"""

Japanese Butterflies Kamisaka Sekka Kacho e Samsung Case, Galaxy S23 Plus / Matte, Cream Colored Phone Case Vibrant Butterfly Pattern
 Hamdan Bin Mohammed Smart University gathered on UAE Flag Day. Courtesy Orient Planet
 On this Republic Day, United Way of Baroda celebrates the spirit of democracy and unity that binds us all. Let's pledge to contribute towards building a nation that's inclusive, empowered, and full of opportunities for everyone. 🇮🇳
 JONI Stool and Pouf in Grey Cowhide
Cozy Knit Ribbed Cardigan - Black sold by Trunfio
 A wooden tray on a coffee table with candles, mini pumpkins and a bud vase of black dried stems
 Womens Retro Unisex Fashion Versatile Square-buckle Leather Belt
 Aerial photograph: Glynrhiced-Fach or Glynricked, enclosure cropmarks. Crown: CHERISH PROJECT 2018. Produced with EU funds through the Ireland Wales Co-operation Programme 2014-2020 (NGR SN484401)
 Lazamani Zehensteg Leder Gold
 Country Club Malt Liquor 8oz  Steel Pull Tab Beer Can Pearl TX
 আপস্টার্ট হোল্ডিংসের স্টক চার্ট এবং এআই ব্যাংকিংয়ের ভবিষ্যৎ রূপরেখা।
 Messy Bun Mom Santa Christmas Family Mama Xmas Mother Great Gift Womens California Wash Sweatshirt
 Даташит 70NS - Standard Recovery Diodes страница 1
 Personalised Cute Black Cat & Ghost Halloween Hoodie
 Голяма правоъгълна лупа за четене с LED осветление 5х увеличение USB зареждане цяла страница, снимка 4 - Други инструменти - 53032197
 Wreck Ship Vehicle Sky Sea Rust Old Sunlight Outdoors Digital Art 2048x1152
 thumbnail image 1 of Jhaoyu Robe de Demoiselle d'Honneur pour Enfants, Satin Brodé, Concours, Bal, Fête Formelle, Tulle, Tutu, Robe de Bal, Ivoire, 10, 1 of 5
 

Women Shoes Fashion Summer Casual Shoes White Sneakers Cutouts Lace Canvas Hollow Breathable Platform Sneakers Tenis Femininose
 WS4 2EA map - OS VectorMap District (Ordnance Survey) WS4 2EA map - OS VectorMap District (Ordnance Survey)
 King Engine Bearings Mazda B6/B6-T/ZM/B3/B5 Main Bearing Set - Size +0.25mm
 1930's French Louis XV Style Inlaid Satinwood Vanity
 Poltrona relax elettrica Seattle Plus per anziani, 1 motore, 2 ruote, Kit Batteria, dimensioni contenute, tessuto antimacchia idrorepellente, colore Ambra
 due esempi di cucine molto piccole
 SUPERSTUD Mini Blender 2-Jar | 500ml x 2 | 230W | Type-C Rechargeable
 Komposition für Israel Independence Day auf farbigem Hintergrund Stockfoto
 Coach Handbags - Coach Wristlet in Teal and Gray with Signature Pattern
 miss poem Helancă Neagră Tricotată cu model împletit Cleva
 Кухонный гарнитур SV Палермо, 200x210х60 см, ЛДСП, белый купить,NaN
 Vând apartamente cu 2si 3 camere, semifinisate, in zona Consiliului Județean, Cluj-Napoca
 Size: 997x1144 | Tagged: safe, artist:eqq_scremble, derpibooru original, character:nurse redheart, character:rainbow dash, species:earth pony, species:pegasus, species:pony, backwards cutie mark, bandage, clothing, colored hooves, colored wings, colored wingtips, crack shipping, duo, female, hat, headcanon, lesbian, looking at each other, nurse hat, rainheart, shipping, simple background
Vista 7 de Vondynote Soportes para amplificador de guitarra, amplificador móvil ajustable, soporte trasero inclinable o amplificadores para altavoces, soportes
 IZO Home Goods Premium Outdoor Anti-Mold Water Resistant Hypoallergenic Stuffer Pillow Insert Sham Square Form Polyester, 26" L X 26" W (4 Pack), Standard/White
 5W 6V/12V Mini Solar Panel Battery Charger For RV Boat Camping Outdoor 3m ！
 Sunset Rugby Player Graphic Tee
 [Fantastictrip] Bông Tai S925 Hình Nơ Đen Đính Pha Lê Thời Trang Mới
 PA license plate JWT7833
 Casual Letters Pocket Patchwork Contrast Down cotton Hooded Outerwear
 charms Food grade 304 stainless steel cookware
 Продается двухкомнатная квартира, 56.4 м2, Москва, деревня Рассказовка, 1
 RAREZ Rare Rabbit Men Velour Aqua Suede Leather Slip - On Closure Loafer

"""

Assigned task: Once a line of the records is found to contain "Square", copy it out.

Problem solution:
 Womens Retro Unisex Fashion Versatile Square-buckle Leather Belt
 IZO Home Goods Premium Outdoor Anti-Mold Water Resistant Hypoallergenic Stuffer Pillow Insert Sham Square Form Polyester, 26" L X 26" W (4 Pack), Standard/White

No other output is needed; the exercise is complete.